On 05/23/2012 03:05 PM, Jeff Squyres wrote:
> On May 23, 2012, at 6:05 AM, Simone Pellegrini wrote:
>>> If process A sends a message to process B and the eager protocol is used then I assume that the message is written into a shared memory area and picked up by the receiver when the receive operation is posted.
> Open MPI has a few different shared memory protocols.
> For short messages, they always follow what you mention above: CICO.
> For large messages, we either use a pipelined CICO (as you surmised below) or use direct memory mapping if you have the Linux knem kernel module installed. More below.
>>> When the rendezvous is utilized however the message still need to end up in the shared memory area somehow. I don't think any RDMA-like transfer exists for shared memory communications.
> Just to clarify: RDMA = Remote Direct Memory Access, and the "remote" usually refers to a different physical address space (e.g., a different server).
> In Open MPI's case, knem can use a direct memory copy between two processes.

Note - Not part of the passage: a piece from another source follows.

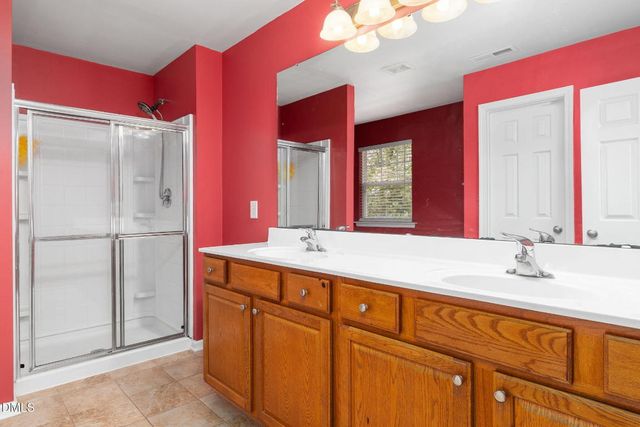 3040 Kilarney Ridge Loop, Cary, NC 27511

>>> Therefore you need to buffer this message somehow, however I assume that you don't buffer the whole thing but use some type of pipelined protocol so that you reduce the size of the buffer you need to keep in the shared memory.
> Correct. For large messages, when using CICO, we copy the first fragment and the necessary meta data to the shmem block. When the receiver ACKs the first fragment, we pipeline CICO the rest of the large message through the shmem block. With the sender and receiver (more or less) simultaneously writing and reading to the circular shmem block, we probably won't fill it up -- meaning that the sender hypothetically won't need to block.
> I'm skipping a bunch of details, but that's the general idea.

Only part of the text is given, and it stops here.